● Brief:
The data below contains pictures, which are to be skipped; the lines starting at the line with "Welcome to this" and ending at the line with "Level design or" are to be output exactly, both ends included.

● Source information:
════════════════

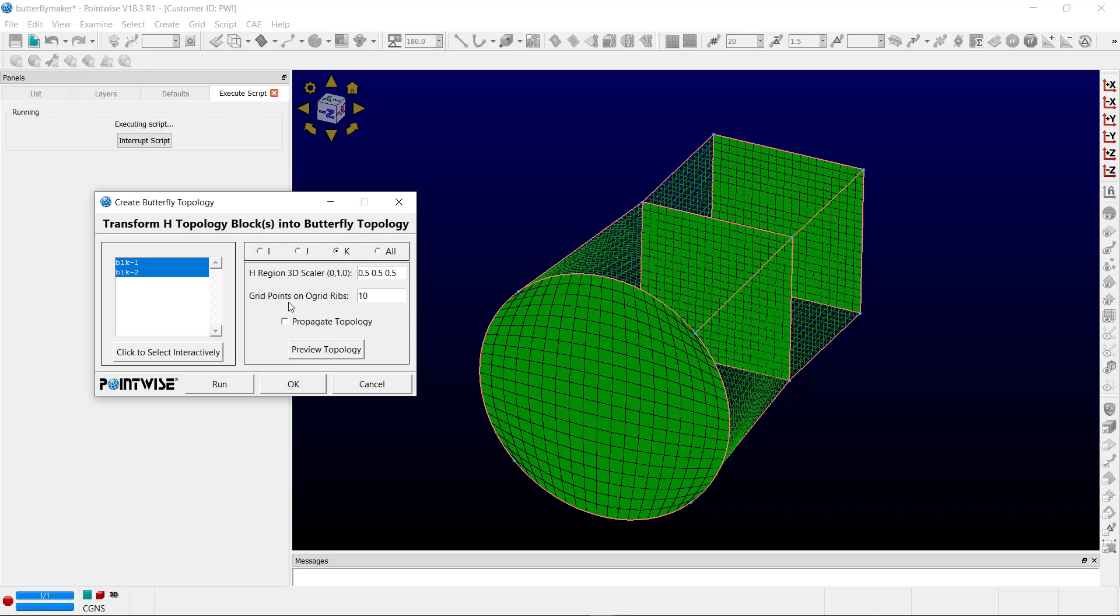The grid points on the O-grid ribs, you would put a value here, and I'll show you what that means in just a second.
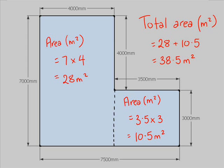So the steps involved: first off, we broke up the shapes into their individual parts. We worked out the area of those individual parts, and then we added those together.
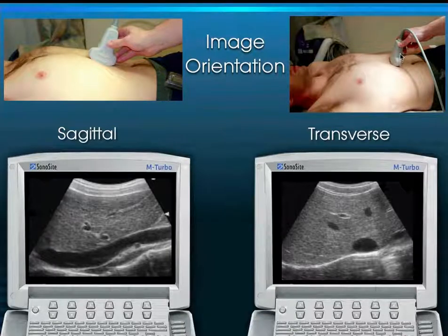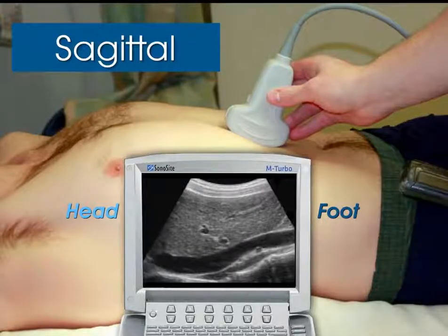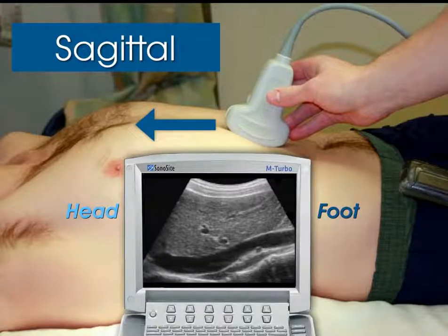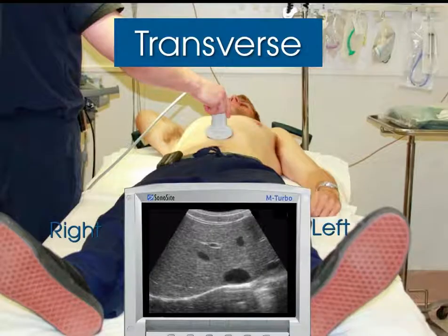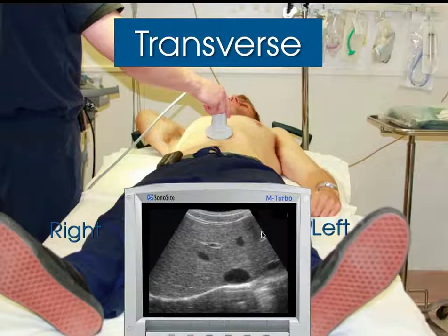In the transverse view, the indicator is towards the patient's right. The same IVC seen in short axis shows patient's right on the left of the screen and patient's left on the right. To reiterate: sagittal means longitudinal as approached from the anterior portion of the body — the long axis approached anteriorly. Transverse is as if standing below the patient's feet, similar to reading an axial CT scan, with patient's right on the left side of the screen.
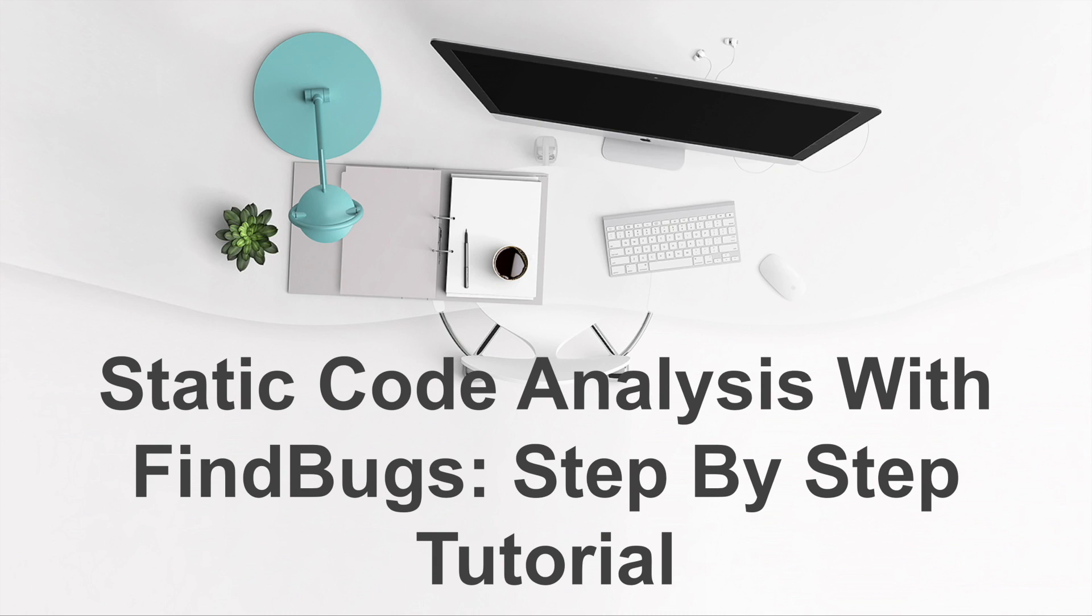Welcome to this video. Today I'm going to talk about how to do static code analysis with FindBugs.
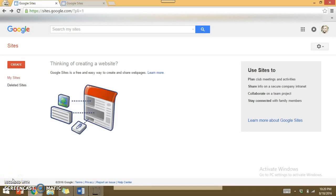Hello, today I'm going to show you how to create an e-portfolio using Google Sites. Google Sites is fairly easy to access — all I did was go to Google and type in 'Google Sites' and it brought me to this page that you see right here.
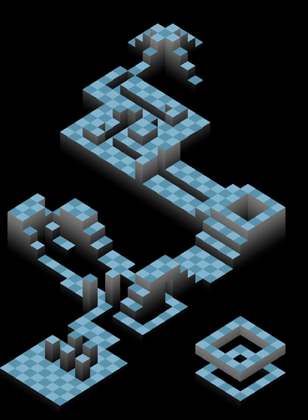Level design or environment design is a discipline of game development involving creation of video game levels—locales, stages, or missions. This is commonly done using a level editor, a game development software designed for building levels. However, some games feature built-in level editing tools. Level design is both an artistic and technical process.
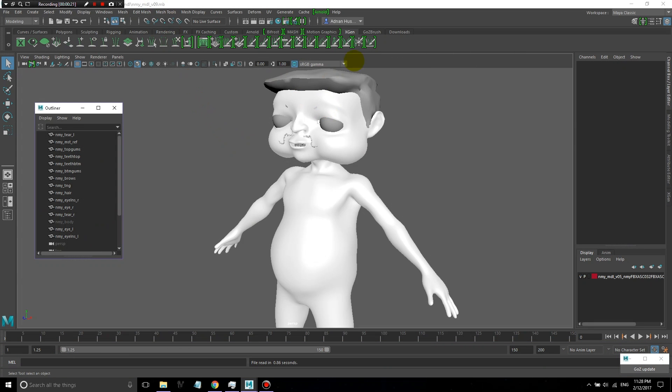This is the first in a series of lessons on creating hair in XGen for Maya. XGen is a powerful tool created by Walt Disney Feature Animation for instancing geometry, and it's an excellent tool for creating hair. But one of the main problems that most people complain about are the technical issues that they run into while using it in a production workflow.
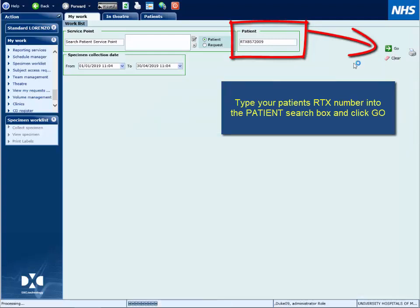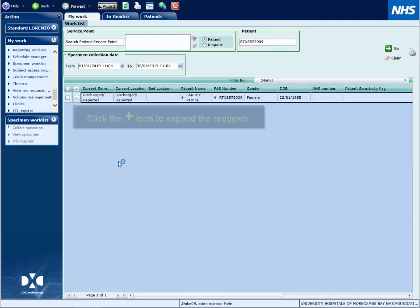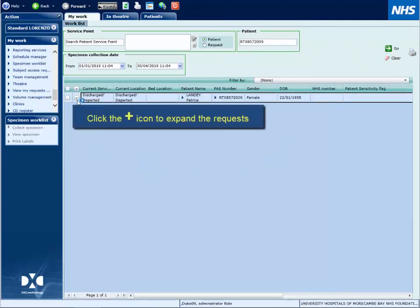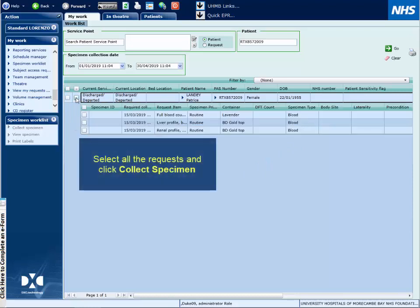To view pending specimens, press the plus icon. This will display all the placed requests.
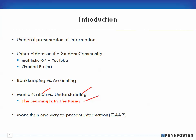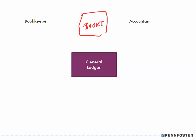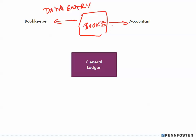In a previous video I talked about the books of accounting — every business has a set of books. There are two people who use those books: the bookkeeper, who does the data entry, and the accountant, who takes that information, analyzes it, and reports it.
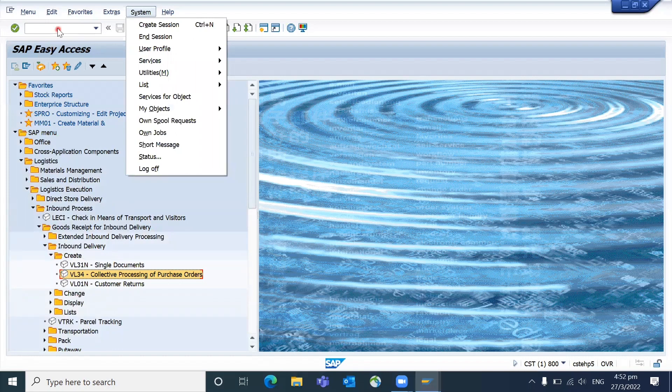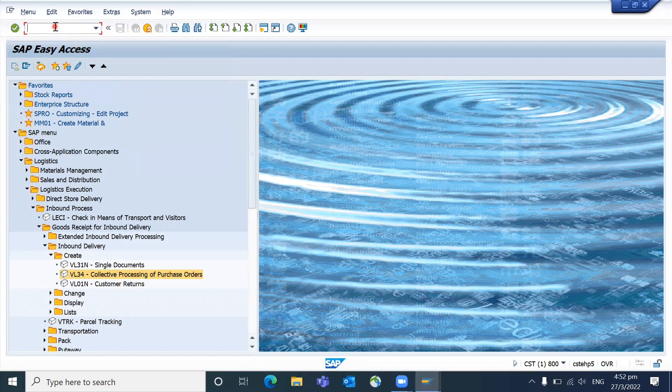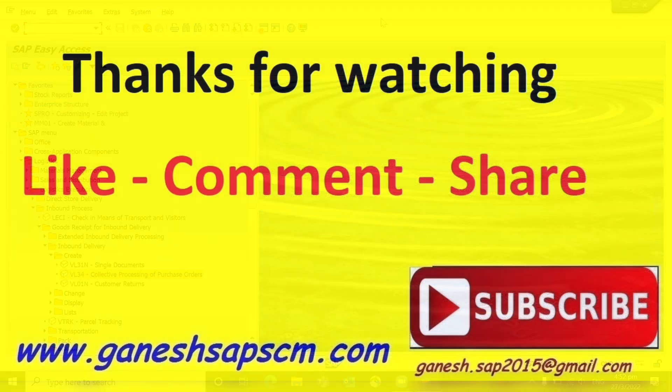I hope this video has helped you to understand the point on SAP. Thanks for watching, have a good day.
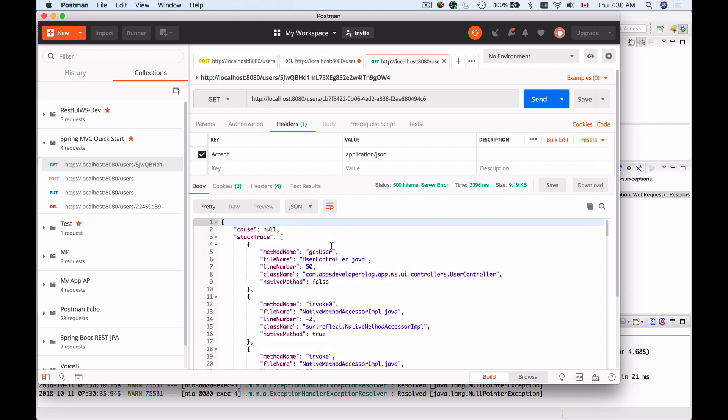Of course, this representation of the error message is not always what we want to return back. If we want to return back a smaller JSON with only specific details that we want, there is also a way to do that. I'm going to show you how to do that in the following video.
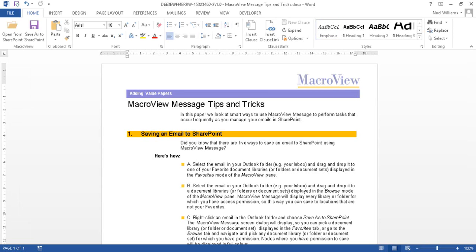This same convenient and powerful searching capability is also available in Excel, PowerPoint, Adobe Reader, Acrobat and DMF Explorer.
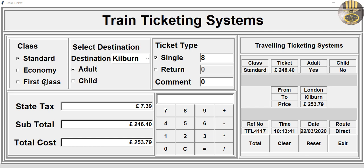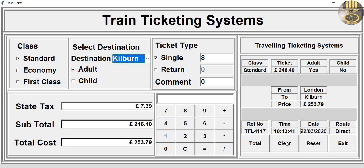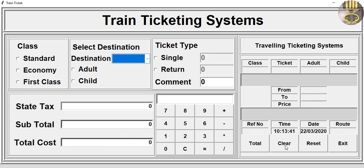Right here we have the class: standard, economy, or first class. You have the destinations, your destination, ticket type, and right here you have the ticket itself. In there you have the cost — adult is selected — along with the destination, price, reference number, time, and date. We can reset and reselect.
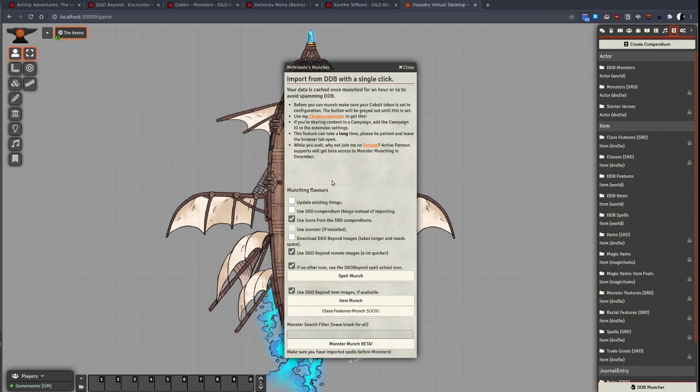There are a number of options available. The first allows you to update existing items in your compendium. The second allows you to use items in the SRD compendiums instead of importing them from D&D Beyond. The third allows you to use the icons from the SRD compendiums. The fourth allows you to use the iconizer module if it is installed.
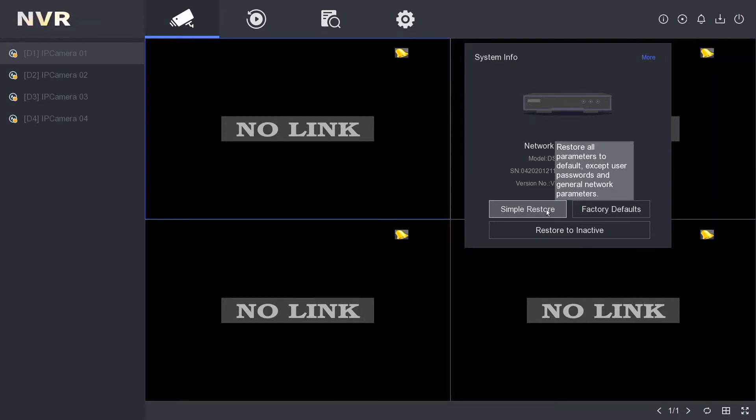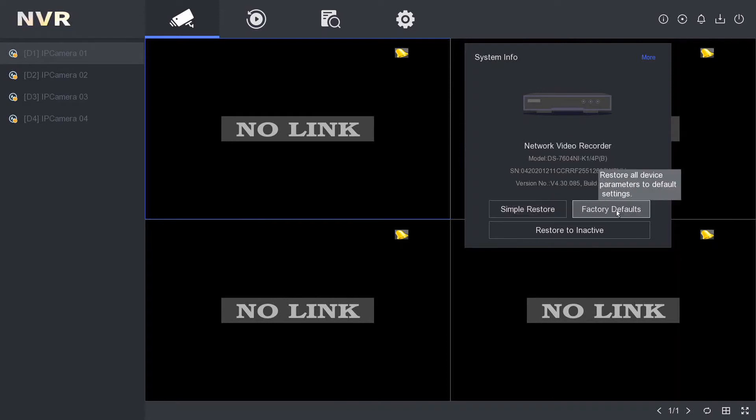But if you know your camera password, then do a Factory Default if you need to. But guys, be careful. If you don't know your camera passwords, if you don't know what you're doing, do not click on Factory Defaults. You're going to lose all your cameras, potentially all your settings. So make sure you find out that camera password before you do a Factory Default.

════════════════

● Written answer:
Welcome to this video. Today I'm going to talk about how to do static code analysis with FindBugs.
Hello, today I'm going to show you how to create an e-portfolio using Google Sites. Google Sites is fairly easy to access — all I did was go to Google and type in 'Google Sites' and it brought me to this page that you see right here.
Level design or environment design is a discipline of game development involving creation of video game levels—locales, stages, or missions. This is commonly done using a level editor, a game development software designed for building levels. However, some games feature built-in level editing tools. Level design is both an artistic and technical process.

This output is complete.